Both books are ethnographic accounts of the activities of white, working class males. Both are set in industrial towns, and both concentrate on groups of boys in their last year of compulsory schooling. In addition, and of particular importance to the genre both authors adopt, the boys that they study have a strong aversion to school.
In both books, the impression comes over very strongly that the boys regard schooling as an imposition, and as an attempt to change them. As a result, both books are shot through with the anti-school sentiments expressed by the boys. No attempt is made in either book to balance the account by considering the views of boys not opposed, or perhaps even in agreement with, the aims of schooling. Both books attempt an analysis of why the boys feel the way they do about school and then try to present a more general theoretical approach that argues that the experiences and reactions of such boys are not the result of localised factors but the inevitable result, not just of school but of a class based society.
'It is no accident that different groups in different schools..come up with similar insights, even though they are the products of separate efforts, and thus combine to make distinctive class bonds. All the groups are penetrating through to roughly the same really determining conditions which hold their present and future possibilities.' (Willis).

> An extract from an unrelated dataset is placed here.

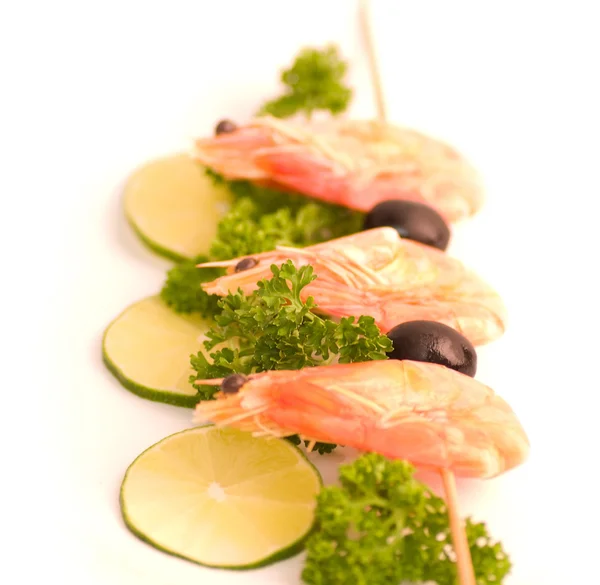 Broche à crevettes avec citron vert et olives sur fond blanc — Photo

Ethnography is not a particularly new method of gathering data but these books do have a number of features that distinguish them from previous work. Dale (1982) refers to this new stance as the 'resistance' approach, which he argues is different to 'traditional' ethnography. An initial clear distinction is that radical ethnography is openly politically committed. Both Willis and Corrigan are quite open as regards their antagonism to the present form of state schooling, and similarly they are openly on the side of the boys they study. They have taken sides.
Green (1980) provides a number of further differences between radical and traditional ethnography. First, there is the intended audience. For radical ethnographers the audience is:
'Radical sociologists and activists within the state sector of cultural production who have got it wrong, or, at least only partly correct about working class male youth culture.'
The more traditional audience as spoken to, for example by Woods, The Divided School, is:
'the professional liberal sociologist and the sociologically informed and hard pressed school teachers.'
These divergent interests result in a different prime focus of study. Traditional ethnography takes as its main concern the teacher and the classroom, Corrigan and Willis take the pupil to be the main focus. The classroom is viewed as just one site in a class struggle.
'..the research and the whole of this book are about the boys at school not about the teachers at that school. It was impossible to get at the information about the boys if you were seen talking to teachers too often; I had to make an early choice in the school and did so in favour of learning more about the boys' situation'.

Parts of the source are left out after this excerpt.